Recruitment into such a group may be done done discreetly, through friendship networks, when people are in a vulnerable or ventursome state of mind.

In some very regrettable cases, disciples who are health care professionals may recruit patients or clients into the group, often out of a sincere conviction that the group work is a valuable adjunct to psychotherapy.

*You may be 'invited' to join, perhaps have to jump through some hoops are go through an exacting admission process.

Part of the trauma is later discovering that this was done by people you loved and trusted and had been intimate with. If you were in a group long enough, you may have recruited people into it as well--a painful realization.

Based on descriptions by former members when these groups become dysfunctional some common patterns appear:

The groups are often kept in line by a skillful combination of selective recruitment and equally selective ejection.

1) You are targeted for recruitment when you're in a seeking mood or vulnerable--which happens to all of us at one time or another.

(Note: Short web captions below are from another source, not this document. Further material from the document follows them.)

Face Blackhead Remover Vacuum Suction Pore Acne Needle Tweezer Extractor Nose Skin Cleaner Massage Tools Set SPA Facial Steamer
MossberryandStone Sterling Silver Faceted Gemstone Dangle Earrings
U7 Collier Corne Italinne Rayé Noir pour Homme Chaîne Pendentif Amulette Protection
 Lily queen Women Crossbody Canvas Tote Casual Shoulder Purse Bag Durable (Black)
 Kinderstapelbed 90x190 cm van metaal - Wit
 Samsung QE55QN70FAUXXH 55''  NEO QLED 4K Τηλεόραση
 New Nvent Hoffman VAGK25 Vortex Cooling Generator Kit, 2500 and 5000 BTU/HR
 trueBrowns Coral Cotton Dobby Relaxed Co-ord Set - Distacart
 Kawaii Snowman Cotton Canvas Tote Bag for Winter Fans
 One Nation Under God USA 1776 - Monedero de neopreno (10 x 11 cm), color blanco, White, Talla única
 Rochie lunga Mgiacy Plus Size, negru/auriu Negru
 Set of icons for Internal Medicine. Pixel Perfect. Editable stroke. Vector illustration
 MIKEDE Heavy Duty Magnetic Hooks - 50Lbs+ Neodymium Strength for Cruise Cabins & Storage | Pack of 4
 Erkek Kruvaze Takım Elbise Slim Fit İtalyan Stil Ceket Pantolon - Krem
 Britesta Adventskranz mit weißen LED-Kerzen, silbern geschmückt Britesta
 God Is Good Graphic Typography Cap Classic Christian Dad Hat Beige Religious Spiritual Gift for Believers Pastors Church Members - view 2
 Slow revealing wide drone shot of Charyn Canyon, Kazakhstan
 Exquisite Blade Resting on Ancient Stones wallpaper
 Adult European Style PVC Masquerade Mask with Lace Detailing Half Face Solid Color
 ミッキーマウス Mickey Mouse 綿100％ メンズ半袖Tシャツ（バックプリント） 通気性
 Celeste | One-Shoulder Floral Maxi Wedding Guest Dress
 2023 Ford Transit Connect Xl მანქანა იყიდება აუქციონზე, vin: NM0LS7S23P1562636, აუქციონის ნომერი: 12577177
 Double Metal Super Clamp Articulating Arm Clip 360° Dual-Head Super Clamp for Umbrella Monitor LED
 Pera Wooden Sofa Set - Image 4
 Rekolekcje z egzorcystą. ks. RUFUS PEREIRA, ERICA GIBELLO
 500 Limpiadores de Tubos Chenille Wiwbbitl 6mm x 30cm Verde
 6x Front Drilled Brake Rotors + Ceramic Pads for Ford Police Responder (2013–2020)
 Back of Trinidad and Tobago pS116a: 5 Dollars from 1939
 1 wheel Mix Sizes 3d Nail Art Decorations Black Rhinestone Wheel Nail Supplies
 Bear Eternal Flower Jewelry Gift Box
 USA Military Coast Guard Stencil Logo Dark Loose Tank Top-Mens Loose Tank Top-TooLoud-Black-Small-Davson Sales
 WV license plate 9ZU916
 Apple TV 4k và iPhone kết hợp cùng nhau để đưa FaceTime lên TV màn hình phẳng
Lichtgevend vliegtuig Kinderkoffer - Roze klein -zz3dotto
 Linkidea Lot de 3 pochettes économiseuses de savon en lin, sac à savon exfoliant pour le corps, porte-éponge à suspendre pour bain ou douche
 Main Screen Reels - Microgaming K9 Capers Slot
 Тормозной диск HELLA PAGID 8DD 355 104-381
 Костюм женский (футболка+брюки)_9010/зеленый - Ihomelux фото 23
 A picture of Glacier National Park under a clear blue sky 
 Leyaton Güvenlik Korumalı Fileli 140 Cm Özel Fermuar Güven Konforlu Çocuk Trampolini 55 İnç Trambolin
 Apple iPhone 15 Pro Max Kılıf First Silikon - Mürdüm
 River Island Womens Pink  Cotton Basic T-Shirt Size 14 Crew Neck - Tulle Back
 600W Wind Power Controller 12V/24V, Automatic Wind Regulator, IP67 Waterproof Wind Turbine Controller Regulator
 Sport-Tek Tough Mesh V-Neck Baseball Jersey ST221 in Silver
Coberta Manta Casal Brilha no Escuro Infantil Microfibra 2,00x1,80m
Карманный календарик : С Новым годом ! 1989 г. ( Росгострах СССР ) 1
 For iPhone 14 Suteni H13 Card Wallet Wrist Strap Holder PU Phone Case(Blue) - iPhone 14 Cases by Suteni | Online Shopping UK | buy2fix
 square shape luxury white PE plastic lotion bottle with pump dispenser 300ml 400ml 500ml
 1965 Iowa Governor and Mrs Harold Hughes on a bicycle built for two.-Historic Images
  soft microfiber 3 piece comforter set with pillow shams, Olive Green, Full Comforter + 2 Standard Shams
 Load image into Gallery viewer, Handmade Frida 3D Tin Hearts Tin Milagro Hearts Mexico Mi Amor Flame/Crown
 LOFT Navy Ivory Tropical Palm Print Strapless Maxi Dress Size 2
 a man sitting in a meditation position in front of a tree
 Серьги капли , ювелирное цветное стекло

2) Eventually after you have become emotionally invested in the group you may be scapegoated at some times, favored at other times.

You may be told you're worthy and loveable at some times (perhaps even be told you're the guru's successor) and at other times shamed and told you're unworthy, or you risk some kind of curse if you leave the group. This back and forth between assurances you're especially worthy vs especially unworthy can keep you spinning your wheels--unless you get tired enough to look beyond this 'back and forth' and realize its just a pattern and you're getting tired of it.

If members are forbidden to discuss group work with each other, and former members are shunned, you may not know this type of game playing is even going on. Or it may be confined to a priviliged but abused inner circle and members in the outer circle are kept unaware of this.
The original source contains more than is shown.